Step inside and buy a ticket. Follow the red carpet to the elevator and head up a couple of floors. As the elevator door closes, the floor lights up in intense color and a voice begins to explain your mission. Step off the elevator into the introduction area. You will be asked to pick an identity for the remainder of your visit to the museum. This identity must be memorized off a card on the wall and contains real birth place, new birth place, new name, occupation, and varying bits of background history. This task is actually far more difficult than it seems.
With that complete, a short film introduction then leads into the museum itself. Devoted completely to the history of espionage, its tools, dangers, necessity throughout history, and rewards, there are hundreds of items and interactive activities. If you brought the kids, they can crawl in the duct work above the exhibit floor and listen to conversations happening below. While they’re learning proper eavesdropping techniques, take a moment to study the dangers to a mission and identify the potential threat to spy cover in the interactive wall exhibits. Or compete with your cohorts in identifying where messages or film could be hidden in the public eye, or identifying the signal hidden in the picture – an open umbrella, a guy in an overcoat when no one else is even wearing a jacket, a fast food bag that didn’t make it into the trashcan. Learning what to look for is an incredibly eye opening experience.
Along with the interactive exhibits, the tools of the trade are fascinating. The rooms are filled with items we thought Hollywood invented. The amphibious car is especially fun, as is the room devoted exclusively to bugging techniques. There are lipstick cameras, single use cameras, the smallest derringers in the history of man, fake lighters that hold film and really light…What’s fascinating more than anything is the age of the items. Technology existed as early as the 1950s for lipstick cameras. Clearly the intelligence agencies are a few decades ahead of the rest of us. The latest museum items from MI5, KGB, and CIA date to the early 1990s, clearly as protection for technology currently in use. It will be fascinating to see down the line how the advent of the internet changed the face of espionage.

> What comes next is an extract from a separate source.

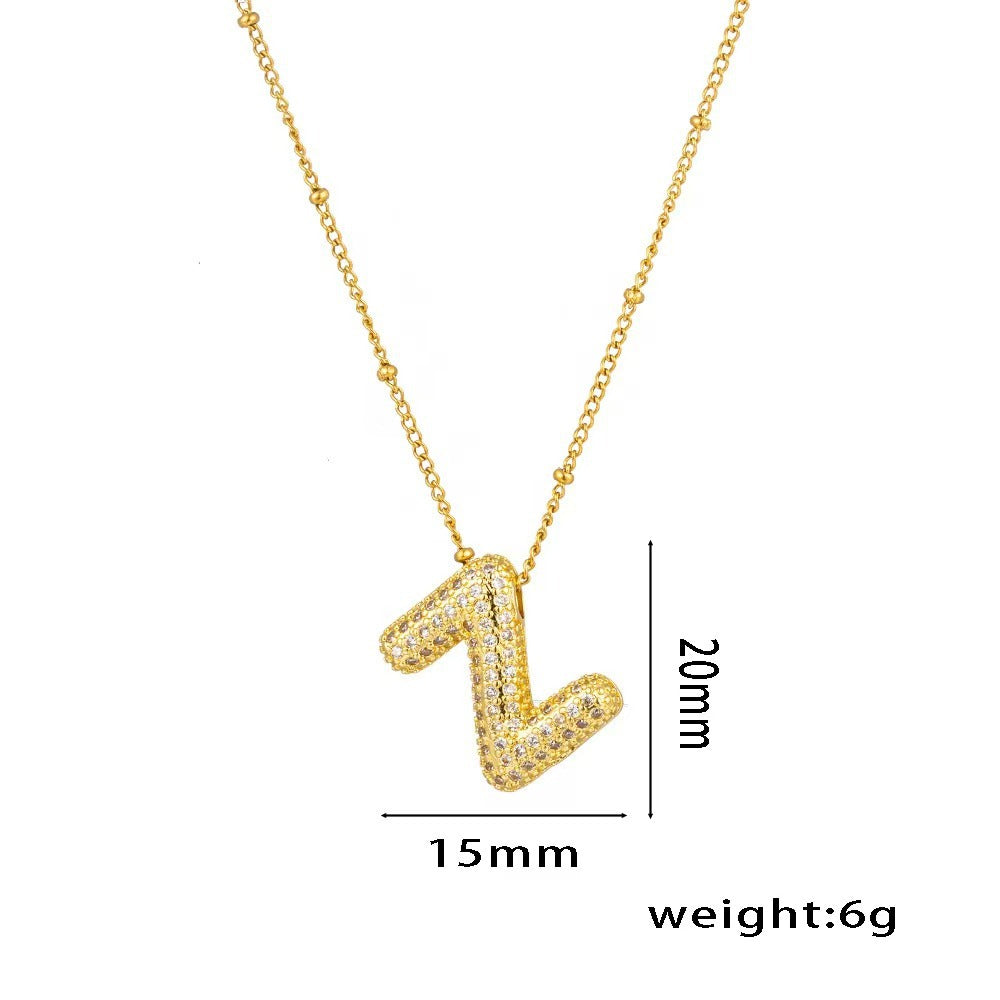 New Micro-Inlaid Zircon 26 Letter Pendant Necklace Copper Plated 18K Gold Fashionable And Classic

The individuals involved in espionage over the last 150 years are also quite intriguing and well-examined throughout. Long before the intelligence agencies had budgets, there were interesting ties with the entertainment industry. The explanation of coding and code-breaking is well done also.
Before exiting, after all of this, you’ll be asked to recall your identity from the introduction. Who knew memorizing that much and retaining it could be so difficult?
DC will forever be worth the visit even the dead heat of their windless summer. There are places every American should see on nearly every corner. But once the necessities have been attended to or you’re looking for a break from the endless wandering around on stone institutional floors, head north just a bit to the International Spy Museum. It’s one of a kind amidst dozens of remarkable places. Sensing in the air the proximity to the CIA, it’s a unique local experience that belongs just to DC. Good luck on your mission.